Contre-réformes et mobilisations de 2003

Lexique pour temps de grèves et de manifestations

par Henri Maler, Yves Rebours, le 15 juin 2003

La langue automatique du journalisme officiel est une langue de bois officielle.

- « Réforme » : Quand une réforme proposée est imposée, cela s’appelle « LA réforme ». Et s’opposer à cette réforme devient : le « refus de la réforme ».

- « Réformistes » : Désigne ou qualifie les personnes ou les syndicats qui soutiennent ouvertement les réformes gouvernementales ou se bornent à proposer de les aménager. Les partisans d’autres réformes constituent un « front du refus ».

- Modernisation  : synonyme de "réforme" ou de l’effet attendu de "LA réforme". "LA Modernisation" est, par principe, aussi excellente que "LA réforme"...puisque, comme l’avait fort bien compris, M. de La Palisse, fondateur du journalisme moderne, la modernisation permet d’être moderne. Et pour être moderne, il sufit de moderniser. Le modernisme s’oppose à l’archaïsme. Seuls des esprits archaïques peuvent s’opposer à la modernisation. Et seuls des esprits tout à la fois archaïques, réactionnaires et séditieux peuvent avoir l’audace et le mauvais goût de proposer de subordonner "LA modernisation" au progrès social. D’ailleurs, "LA modernisation" est indifférente à la justice sociale, que la modernité a remplacée par l’« équité ». Voir ce mot. (avec Nadine Le Duff)

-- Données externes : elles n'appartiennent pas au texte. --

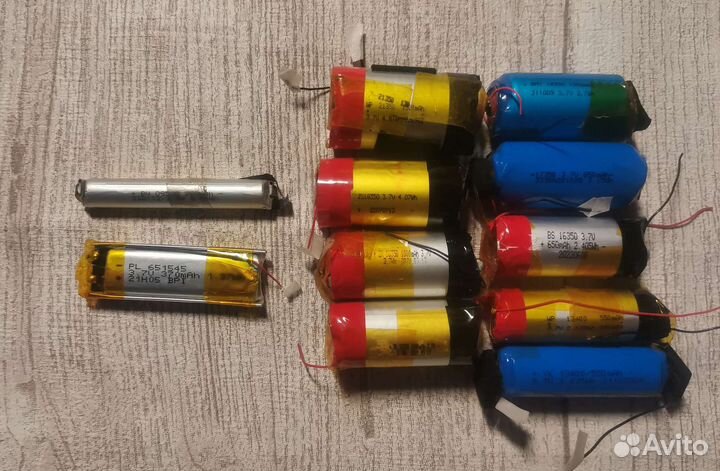 Аккумулятор от электронных сигарет(одноразок)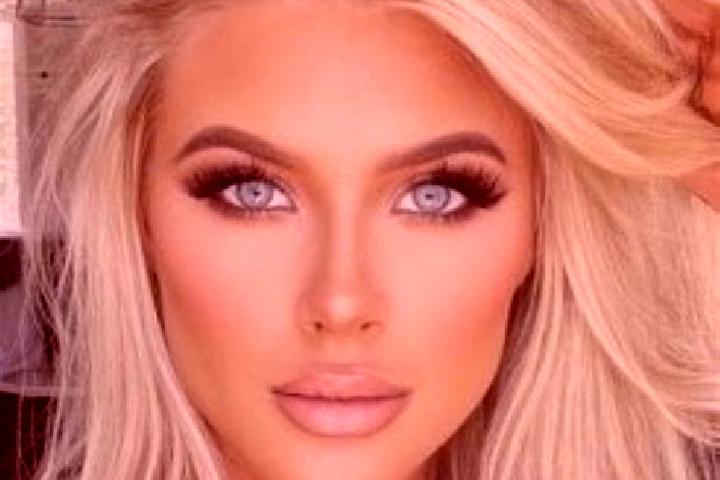 Kinsley, 21, a platinum blonde amber-eyed european companion based in Shadow Hills. Offering Striptease, Dinner Date, Massage. Available for incall and outca...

- « Equité » : Désigne le souci (on parle de « souci d’équité »... qui permet de réduire des avantages (relatifs) de certains salariés au lieu de les faire partager à tous. Ce terme est sans emploi s’agissant des prétendues « élites », exemptées de quelque concession par leur naturel « souci d’équité ».

- « Privilèges » : Désigne les avantages (relatifs) dont disposent certains salariés par comparaison à d’autres, mais non les avantages exorbitants dont disposent les tenanciers de tous les pouvoirs au détriment de ceux sur lesquels ces pouvoirs s’exercent. Les tenanciers des médias, par exemple, disposent de quelques avantages qu’ils doivent à leur seul mérite, tandis que les infirmières, les cheminots ou les enseignants, sont des privilégiés.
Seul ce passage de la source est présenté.